**Provided data:**
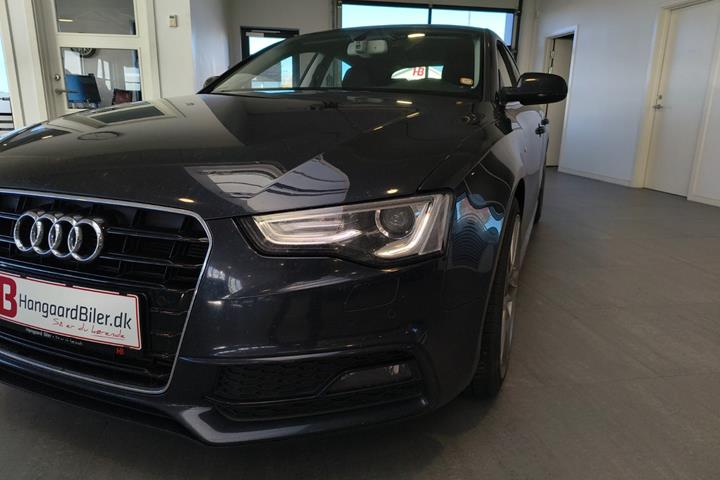 undefined Audi A5 fra 2016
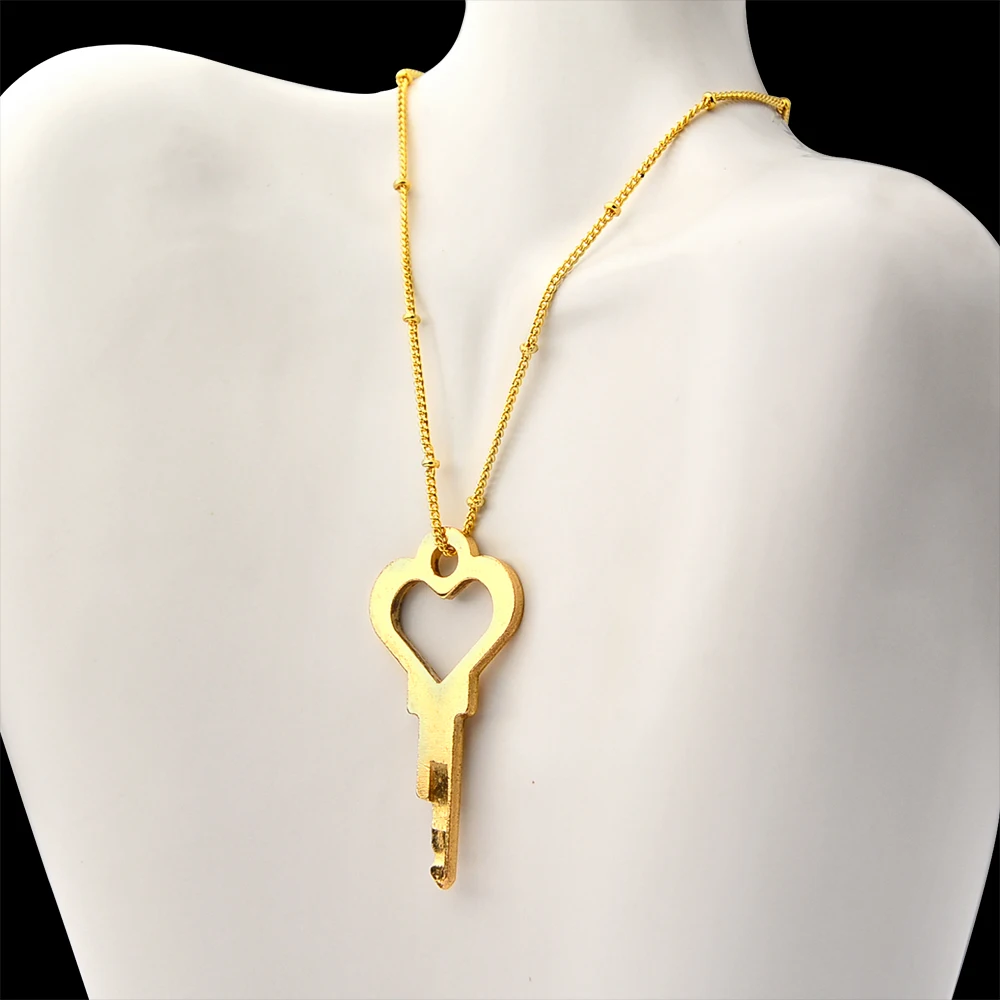 Chastity Key Necklace - 3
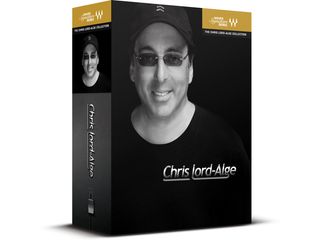 Chris Lord-Alge has put his name to six plug-ins.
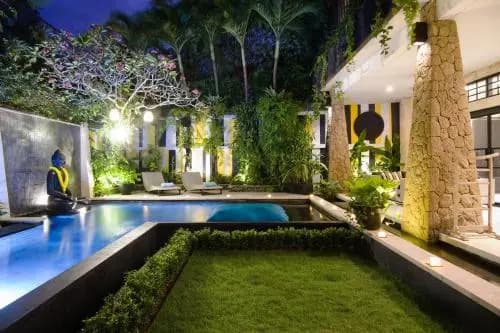 Amanputri Villa - photo 16
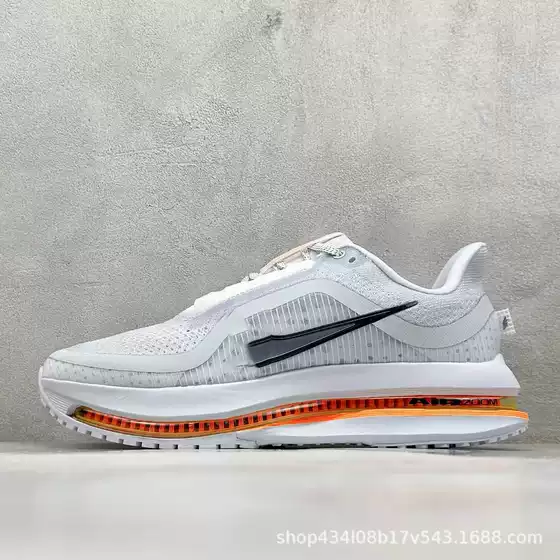 Premium Running Shoes with Shock Absorption, Breathable, Non-Slip, Wear-Resistant, Stylish, Comfortable, Low-Top, Simple, Versatile, Men's Style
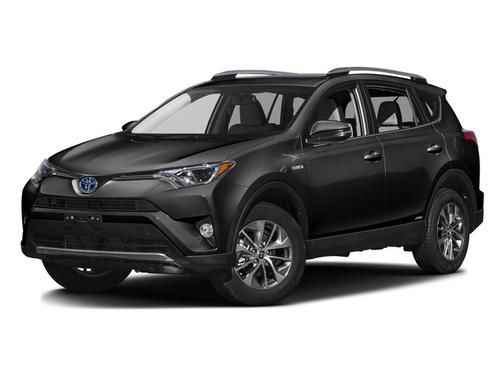 2016 Toyota RAV4 Hybrid SE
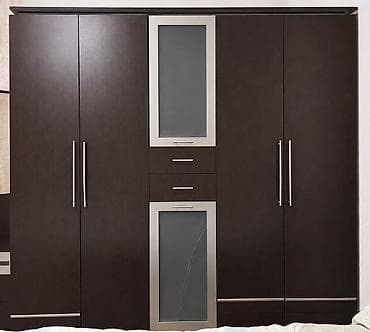 Ev üçün mebel: İkinəfərlik çarpayı — 5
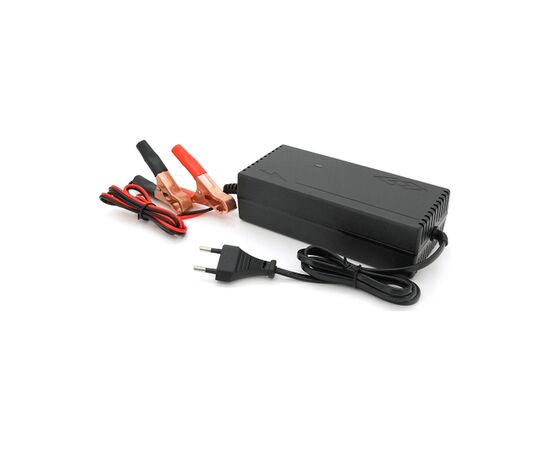 Сетевое зарядное устройство для АКБ Voltronic LiFePO4 14.6V,4S,5A (YT-CKS-14650), изображение 3 Сетевое зарядное устройство для АКБ Voltronic LiFePO4 14.6V,4S,5A (YT-CKS-14650), изображение 3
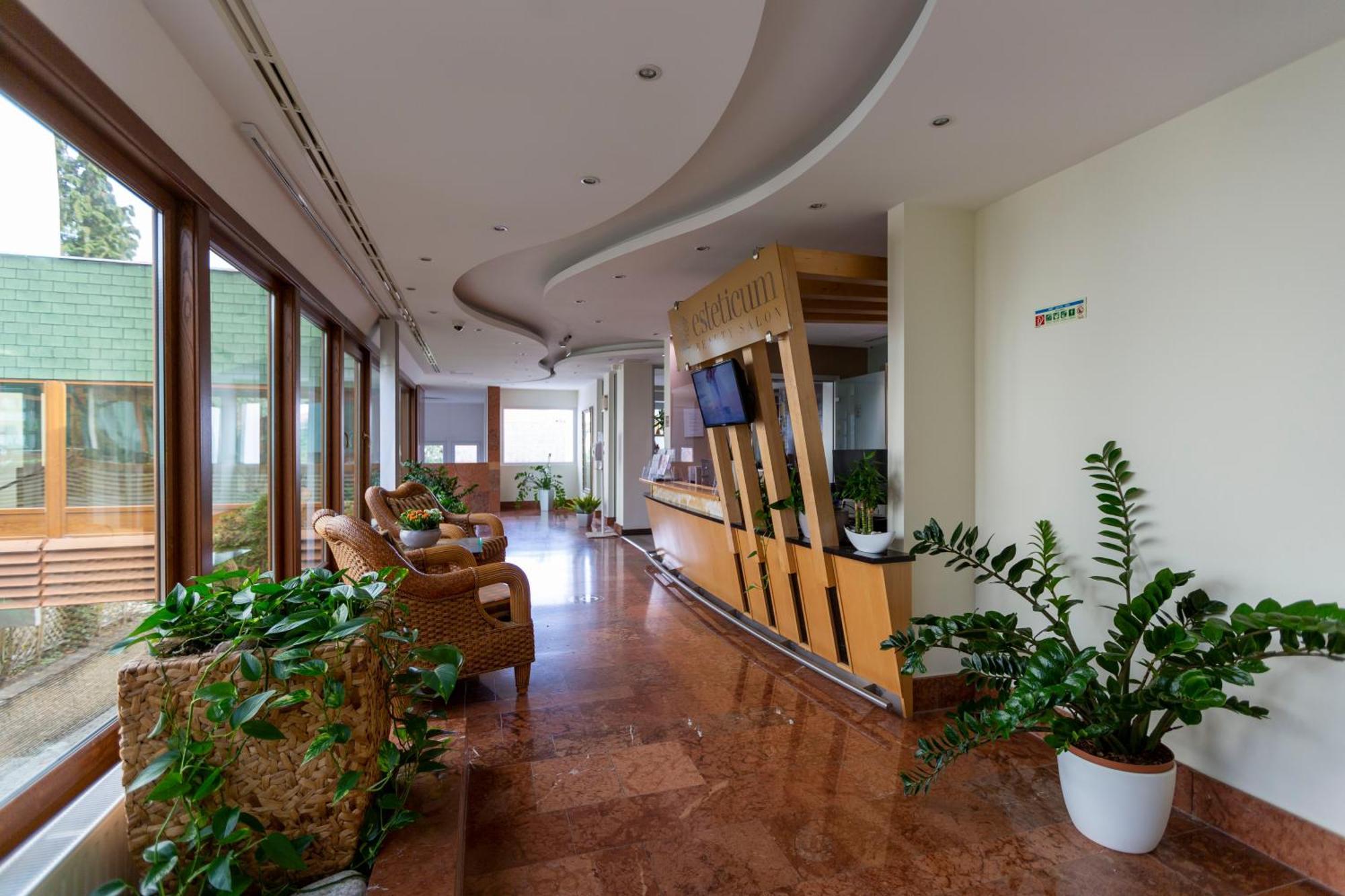 Spa Residence Carbona Hévíz Apartments KAKADU 203 A Heviz Exterior foto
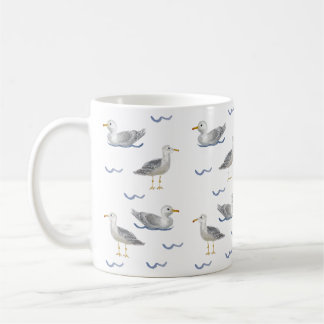 Caneca De Café Mug de Seagull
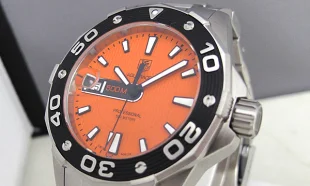 タグ·ホイヤー アクアレーサー クォーツ WAJ1113.BA0870 スーパーコピー 時計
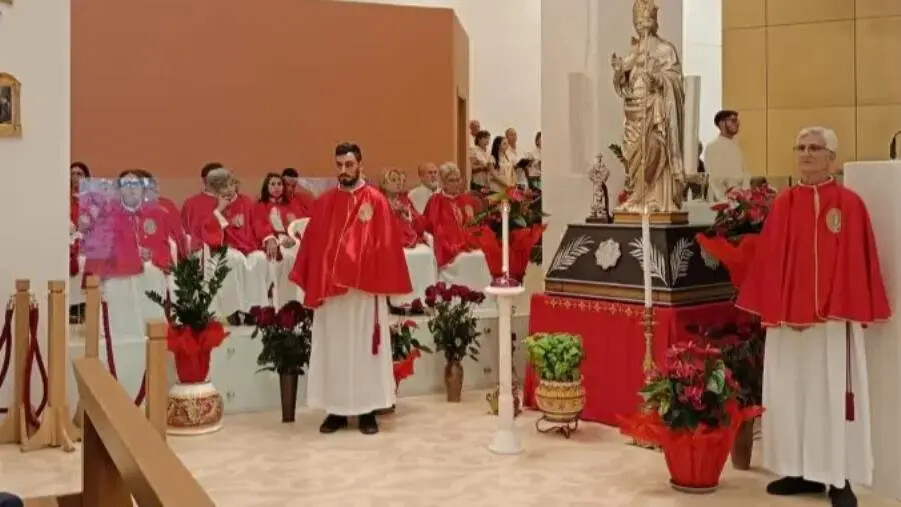 images Placanica, al Santuario Madonna dello Scoglio le celebrazioni per Sant’Emidio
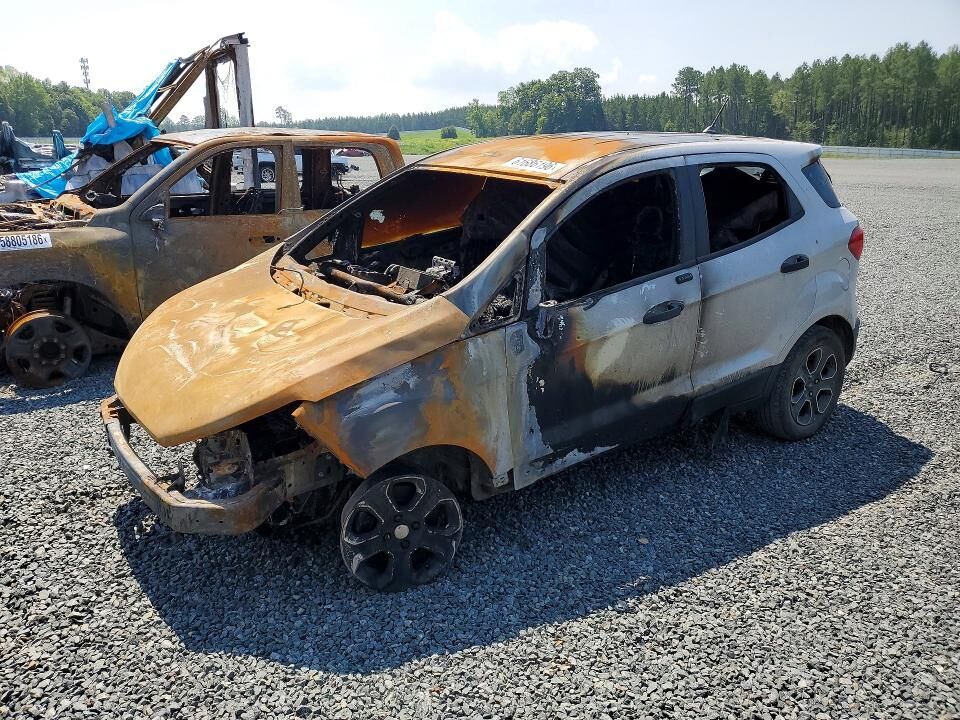 2018 FORD Ecosport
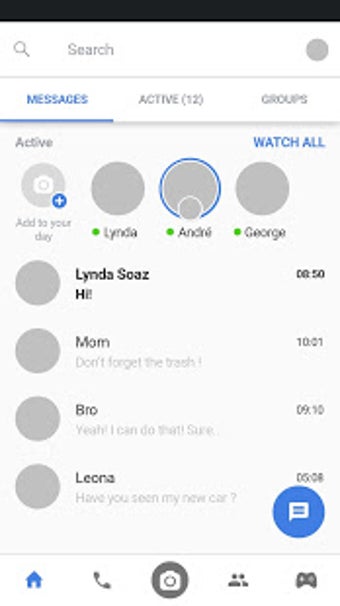 Image 2 for Lite for fb - Lite messen…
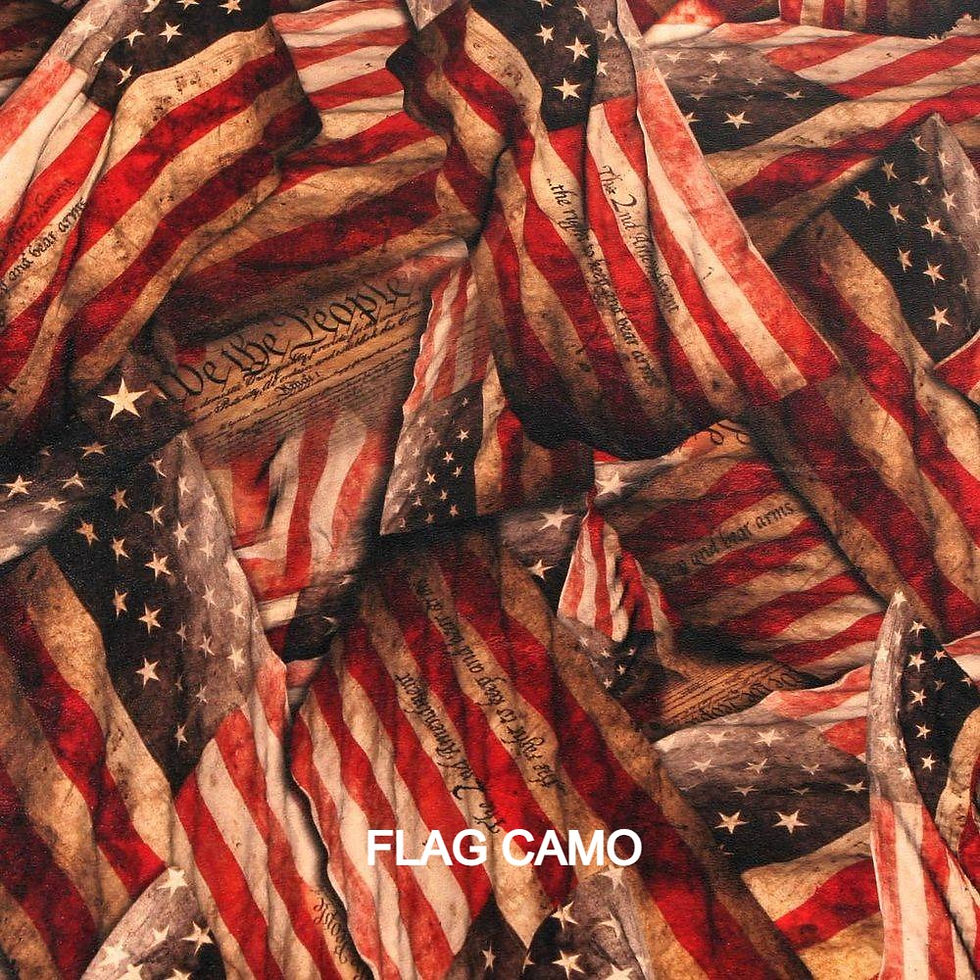 Thumbnail: FLAG CAMO TAN KYDEX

**Work instructions:** Please retype, exactly and with the pictures left out, the lines from the line containing "タグ·ホイヤー アクアレーサー クォーツ" through the last line of the records above.

**Answer box:**
 タグ·ホイヤー アクアレーサー クォーツ WAJ1113.BA0870 スーパーコピー 時計
 images Placanica, al Santuario Madonna dello Scoglio le celebrazioni per Sant’Emidio
 2018 FORD Ecosport
 Image 2 for Lite for fb - Lite messen…
 Thumbnail: FLAG CAMO TAN KYDEX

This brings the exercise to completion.